To empower individuals and communities threatened by hazards to act in sufficient time and in an appropriate manner so as to reduce the possibility of personal injury, loss of life, damage to property and the environment, and loss of livelihoods.

Naomi also cites a Senior Officer from the IFRC who explains the need to map vulnerability and develop baselines prior to a disaster context. “The data for these baselines would include scientific hazard data and the outputs from qualitative assessments at community level.”

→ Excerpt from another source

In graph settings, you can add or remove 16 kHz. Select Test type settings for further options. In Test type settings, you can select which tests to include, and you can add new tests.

This point is worth expanding on. I’ve been meaning to write a blog post specifically on crisis mapping baselines for monitoring and impact evaluation. I hope to do so shortly. In the meantime, the importance of baselines vis-à-vis crisis mapping is a pressing area for further research.

Community Mapping

I really appreciate Naomi’s point that humanitarian mapping does not require sophisticated, proprietary software. As she note, “there has been a steady growth in the number of ‘conventional’ desktop GIS packages available under free or open-source licenses.”

Moreover, maps can also be “created using other tools including a pad of graph paper and a pencil, or even an Excel spreadsheet.” Indeed, we should always “consider whether ‘low/no tech’ methods [can meet our] needs before investing time in computer-based methods.”

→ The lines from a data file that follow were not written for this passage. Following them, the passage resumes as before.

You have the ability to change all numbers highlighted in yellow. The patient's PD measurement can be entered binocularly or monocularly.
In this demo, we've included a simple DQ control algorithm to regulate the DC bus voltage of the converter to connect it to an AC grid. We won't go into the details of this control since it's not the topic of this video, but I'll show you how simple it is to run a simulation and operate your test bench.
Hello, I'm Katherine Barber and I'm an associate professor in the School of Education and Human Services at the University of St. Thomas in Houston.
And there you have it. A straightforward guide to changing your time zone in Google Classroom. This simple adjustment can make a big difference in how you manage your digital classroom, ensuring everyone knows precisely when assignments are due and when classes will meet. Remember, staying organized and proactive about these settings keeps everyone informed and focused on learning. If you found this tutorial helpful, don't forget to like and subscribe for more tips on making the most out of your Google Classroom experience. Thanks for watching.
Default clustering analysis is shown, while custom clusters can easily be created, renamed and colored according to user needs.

To this end, Naomi includes a section in her introduction on community-level mapping techniques.

Community-level mapping is a powerful method for disaster risk mitigation and preparedness.  It is driven by input from the beneficiary participants; this benefits the plan output with a broader overview of the area, while allowing the community to be involved. Local people can, using simple maps that they have created, quickly see and analyse important patterns in the risks they face.

Again, Naomi emphasizes the fact that computer-based tools are not essential for crisis mapping at the community level. Instead, we can “compile sketches, data from assessments and notes into representations of the region [we] are looking at using tools like pen and paper.”

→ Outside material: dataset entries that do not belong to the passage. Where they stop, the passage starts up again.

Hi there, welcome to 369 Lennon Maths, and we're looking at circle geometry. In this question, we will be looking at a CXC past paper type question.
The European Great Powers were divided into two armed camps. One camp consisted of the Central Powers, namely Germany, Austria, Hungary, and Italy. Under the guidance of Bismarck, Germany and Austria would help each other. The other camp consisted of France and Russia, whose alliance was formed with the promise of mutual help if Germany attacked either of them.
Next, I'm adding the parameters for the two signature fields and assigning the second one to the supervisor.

To be sure, “in a situation with no time or resources, a map can be enough to help to identify the most at-risk areas of a settlement, and to mark the location of valuable services […].”

Conclusion

I highly recommend following the applied  Google Earth and MapWindow tutorials in the Guide. They are written in a very accessible way that make it easy to follow or use as a teaching tool, so many thanks to Naomi for putting this together.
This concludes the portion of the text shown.